The two have experienced changes in the school, their program, the players and the game.
"We've both grown with the changes," Wagner said. "We've had a lot of great memories, we've had a lot of fun memories, but I'm more concerned with the fact that I've had an impact on a lot of the kids I coached."
That relationship has blossomed into a successful coaching team. Although Wagner is listed as the pitching coach, as Seddon said, he is much more. He is always there, looking over Seddon's shoulder, making sure he doesn't make mistakes in the lineup and suggesting changes as he sees fit.
Although Seddon has final say, the two coaches work in harmony, which has enabled Wagner to remain an assistant for as long as he has and to improve the quality of baseball at Penn.
"He's given me a lot of full rein on a lot of the decision-making," Wagner said. "I've been blessed to have a coach who's given me that opportunity to coach that's kept me an assistant coach in baseball all these years."

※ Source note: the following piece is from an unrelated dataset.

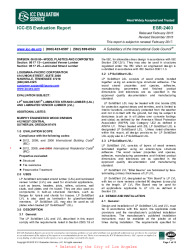 25783-ESR-2403-13PGS-12-01-2015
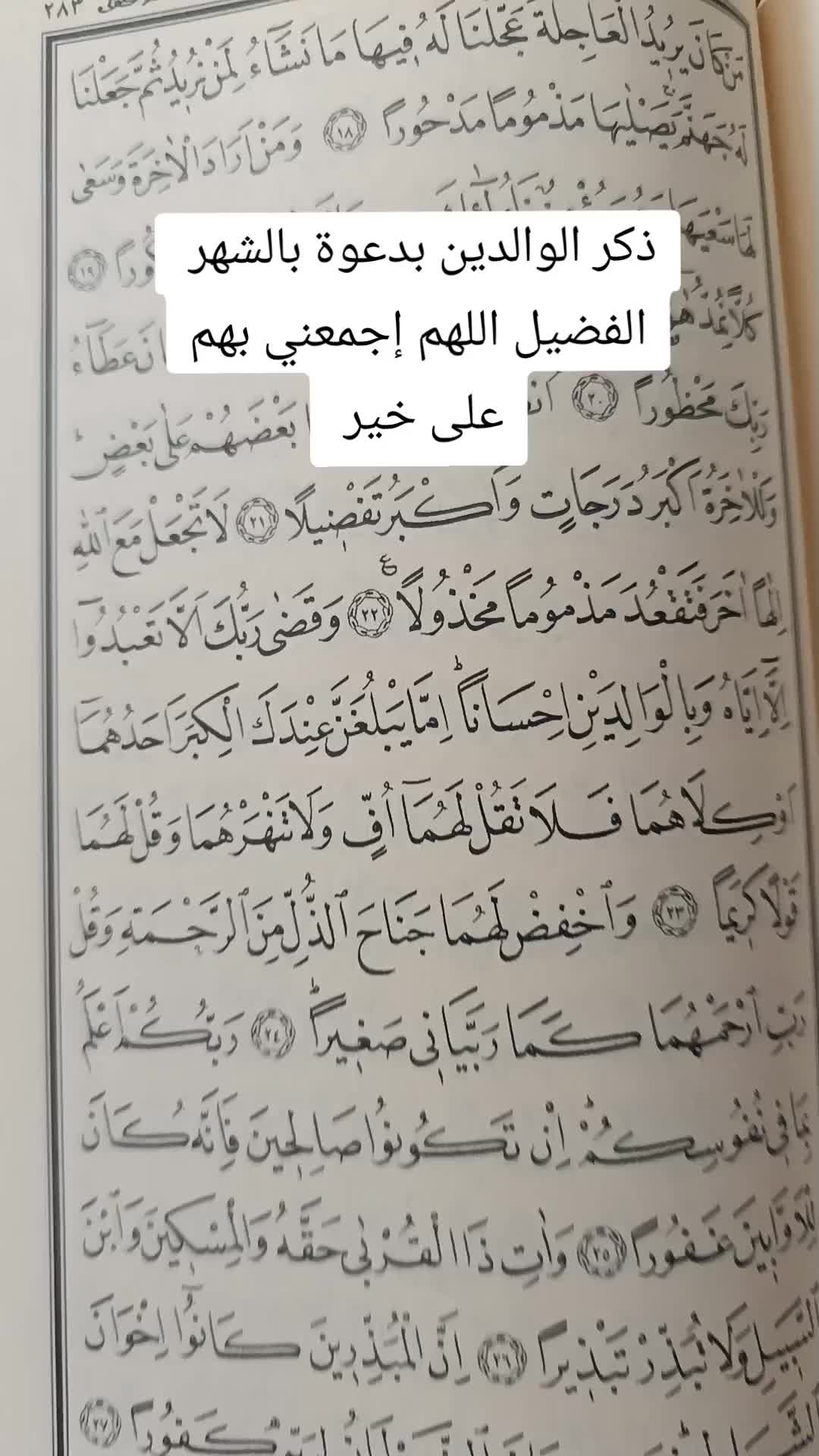 @مطبخ مديحة 🧑🍳🧑🍳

And in an era when everybody is looking to get ahead, Wagner has been perfectly happy with his position, to the delight of Seddon.
"The most important thing about an assistant is his loyalty," Seddon said. "He never was looking for my job."

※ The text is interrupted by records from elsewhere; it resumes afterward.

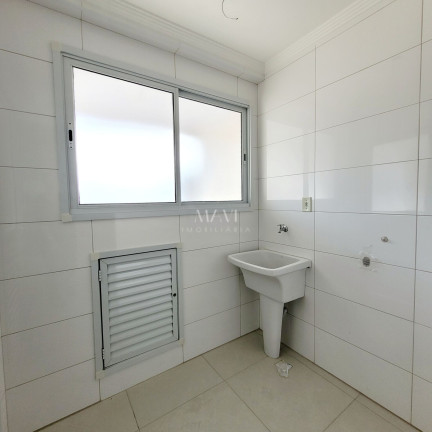 Imagem Apartamento com 3 Quartos à Venda, 121 m² em Boqueirão - Praia Grande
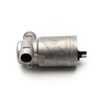  Mercedes-Benz SL R107 300 Idle Air Control Valve - 0001412225 
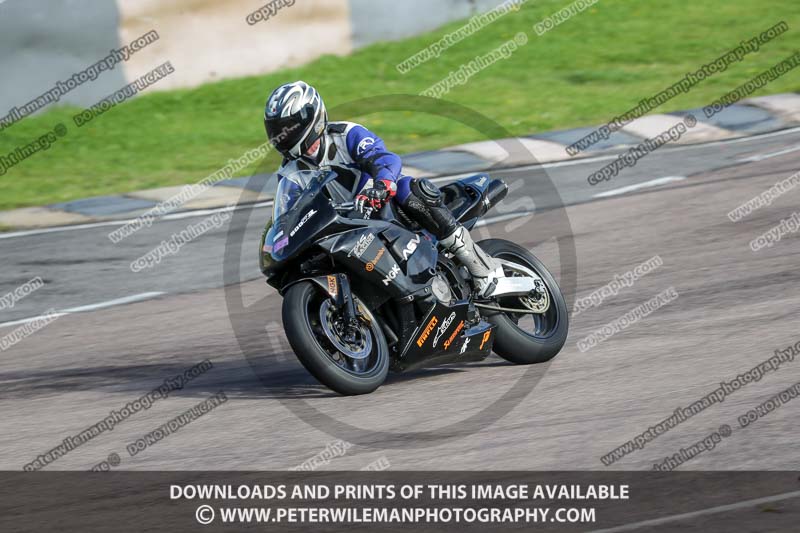 enduro digital images;event digital images;eventdigitalimages;lydden hill;lydden hill trackday photographs;lydden no limits trackday;lydden photographs;no limits trackdays;peter wileman photography;racing digital images;trackday digital images;trackday photos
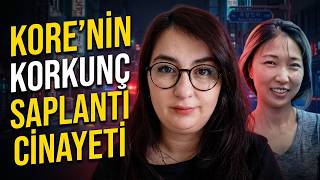 KORELİ GENÇ ANNE KURTULMAK İÇİN YALVARDI - 911 ÇAĞRISINA SIZAN KORKUNÇ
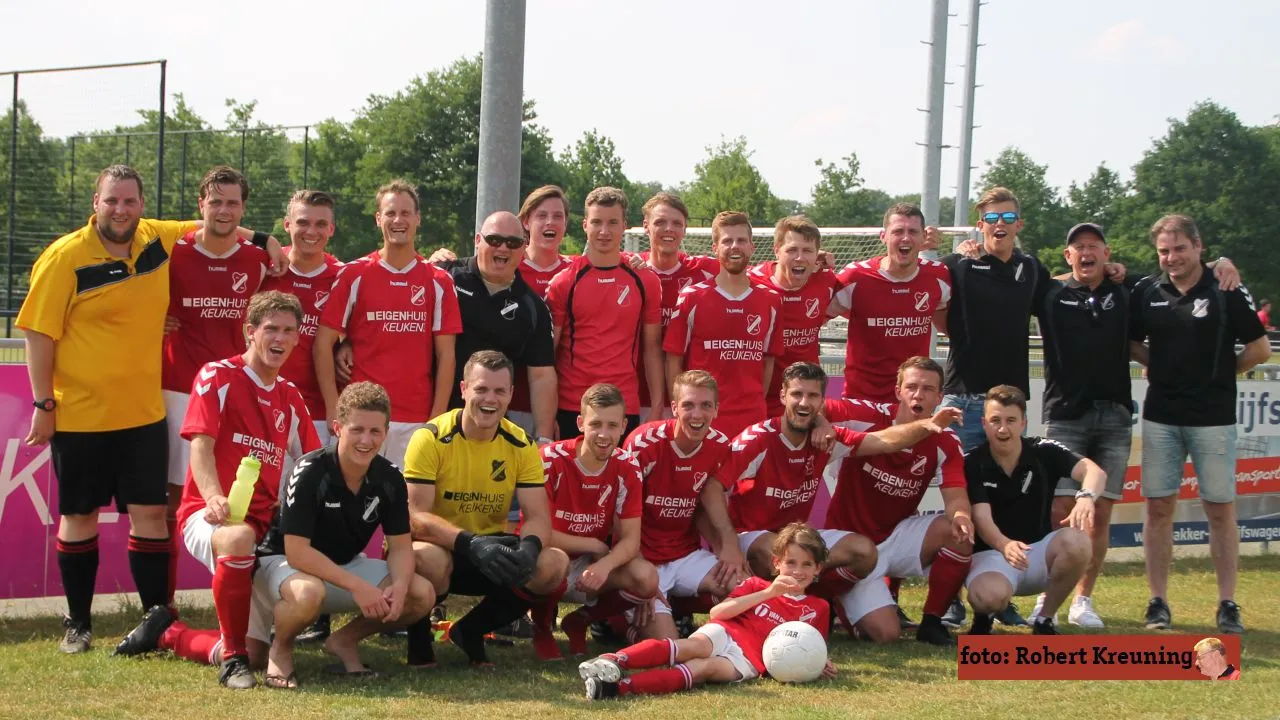 2018 05 26 sc hoevelaken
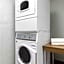 Hampton Inn Greenville/Simpsonville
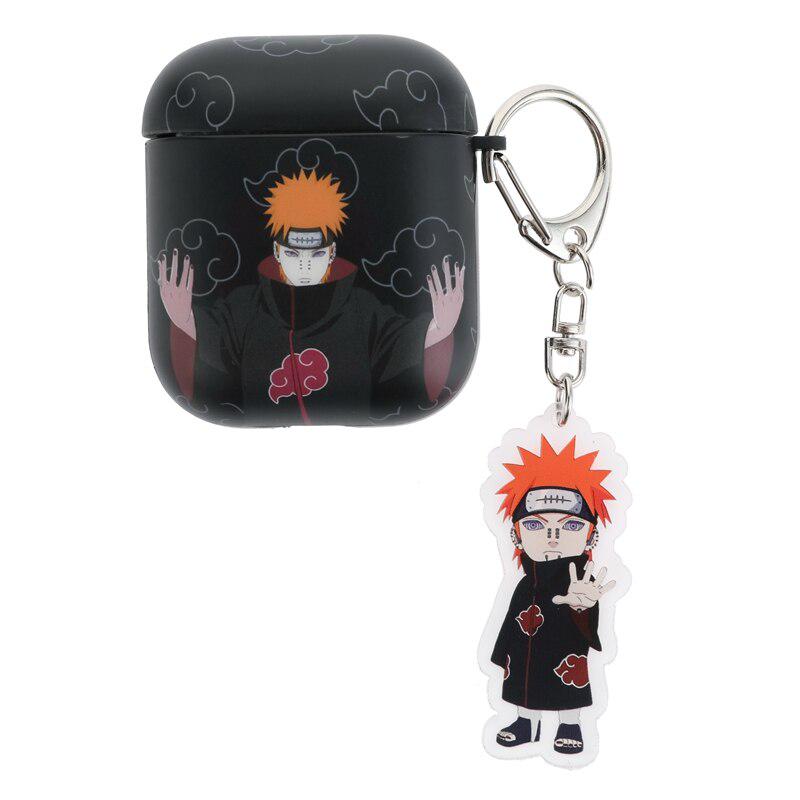 Detail Gambar Earphone Gambar Anime Naruto Keren Nomer 39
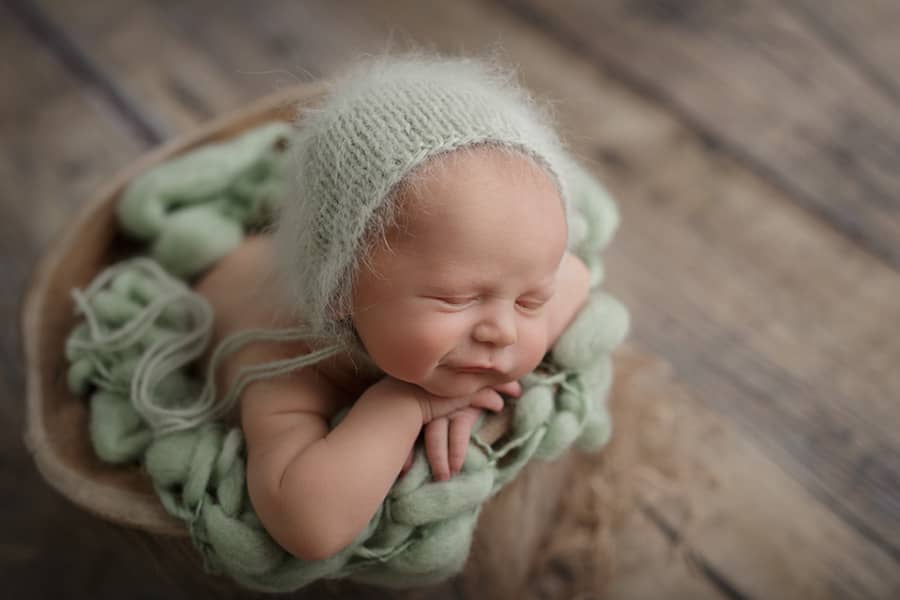 Foceni miminek, Newborn foceni novorozencu Praha, Kontaktni informace pro objednani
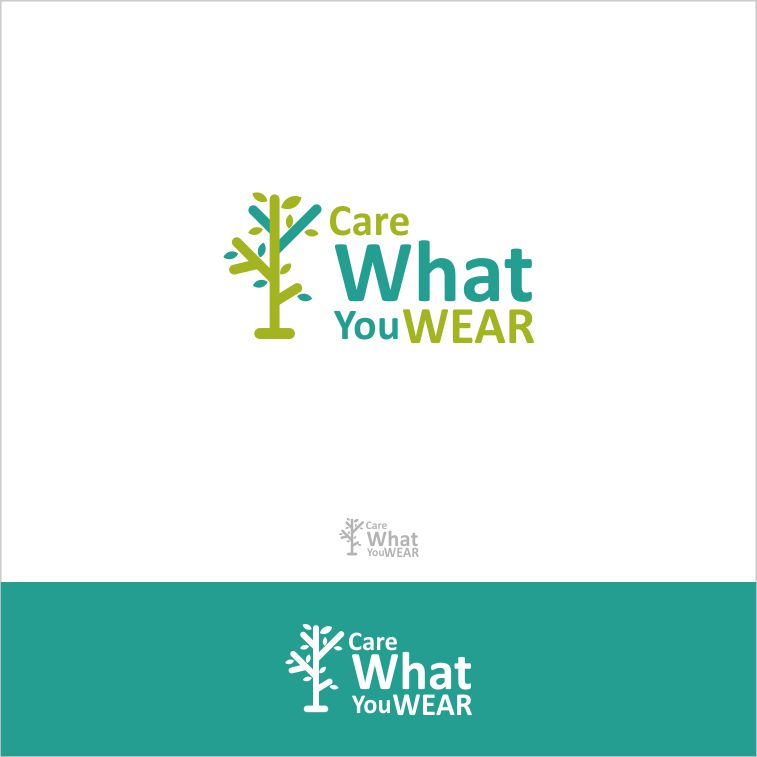 Logo Design by rddesign1992 for this project | Design #13981495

And as is typical when two people spend that much time together, their relationship goes far beyond that of two professionals who work together.
"We know each other's every move, each other's personalities. Everything comes natural," Seddon said. "How could you not?"
Whether it is entering a hotel room, picking starting pitchers or dealing with alumni, Seddon and Wagner have been the team running Penn baseball for the last three decades.
"We have a lot of stories," Seddon said. "Some which I can't tell you, when we were on a road trip, or out at night or something like that, some funny stories. It will be hard for me not to see him all the time."
There's an old saying that there's no crying in baseball, and two men who have been around the game for five decades probably won't shed a tear. But as the weekend ends, so does a great run for two coaches, two friends.